What: An Evening with Fred Penner

When: Sunday, 5:30 p.m. (doors at 5)

Where: Alix Goolden Performance Hall, 907 Pandora Ave.

Tickets: $17.50 at Lyle’s Place and ticketfly.com

 

Fred Penner has been playing music professionally for 43 years. And yet, after all his past successes — from a 12-year run hosting Fred Penner’s Place on CBC Television to being named a Member of the Order of Canada and Queen’s Diamond Jubilee Medal recipient — Penner considers 2015 one of his best years yet.

“Delighted is an understatement,” Penner said Wednesday from his home in Winnipeg.

“I love what I’ve been allowed to do.”

His current album, Where in the World, won him both the Juno Award and the Western Canadian Music Award in the children’s category this year. In September, Penner was asked to host the hipster-leaning Polaris Music Prize gala in Toronto, one that featured a performance by the Taylor Swift- and Adele-approved Tobias Jesso Jr.

“All the pieces in life kind of fell into place. Creatively, it’s been a fabulous journey. It’s constantly fulfilling.”

The capper to Penner’s fine run comes on Dec. 19, when the family entertainer performs — for the first time, surprisingly — at the Burton Cummings Theatre in Winnipeg, one of the top concert venues in the country.

Penner is clearly chuffed at the state of his resurgence, but acknowledges that professional musicians are often subject to peaks and valleys. He has navigated both thus far with a reasonable outlook on life.

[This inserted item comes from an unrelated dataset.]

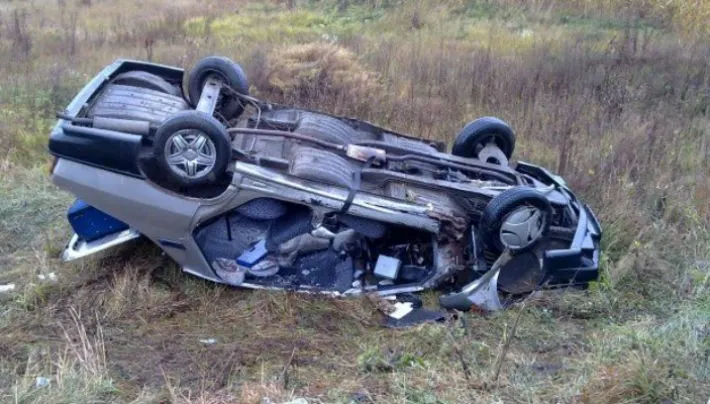 ULTIMA ORĂ   Persoană încarcerată într-un autoturism răsturnat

“Every year is a banner year, because I’m doing what I love to do,” Penner said. “I’m living the dream. I know it’s a bit of a trite phrase, perhaps, but I absolutely am living a career that is certainly enviable. I’ve never done anything other than performing as my livelihood since 1972.”

Penner, who performs Sunday in Victoria at the Alix Goolden Performance Hall, recently discovered a new way to navigate the stress of such a demanding schedule.

“I’m starting days with a ‘sit.’ I go into my sun room and find a comfortable spot, and start breathing and focusing. I let the world and my thoughts come to me and flow through. After 15 minutes or half an hour, it’s very much a calming and centring position that balances the insanity that is around me.”

His partner of four years, Rae Ellen Bodie, is a Buddhist. After developing “an internal understanding of what that is,” Penner recently took up the practice.

It has helped him balance the details of touring and the stress of the world at large, ensuring that he looks at things from a glass-half-full perspective.

“We’re at a very challenging time of life. But there’s a lovely balance to that. With Syrian refugees, of which a lot of people are critical, people with open arms are saying they will help them find their way. No matter what culture you’re coming from, we are essentially all in this together.”

His specialty is penning musical variations of the same theme. His biggest hits (The Cat Came Back and Sandwiches) have kept him in good stead with audiences, in part due to their timeless nature. Penner fans are both the young and the young at heart.

He credits his current wave of popularity to a reinvention of sorts.

He overhauled the way he was connecting with audiences in 2008, and began performing for older fans in bars. That opened the door for an ongoing schedule of speaking engagements at universities and elsewhere, between afternoon concerts for children.

What he discovered along the way was that the children he entertained in the 1980s were still fans years later.

Plenty even had kids of their own, Penner said.

“I’m a dad and I’m coming to this table from an adult perspective, with the understanding of what it is to be a parent.

“I’ve shied away from being called a ‘children’s entertainer.’ I prefer ‘family entertainer’ because what I hope I’m relating to is something that is universal, something that parents can relate to as strongly as children do.”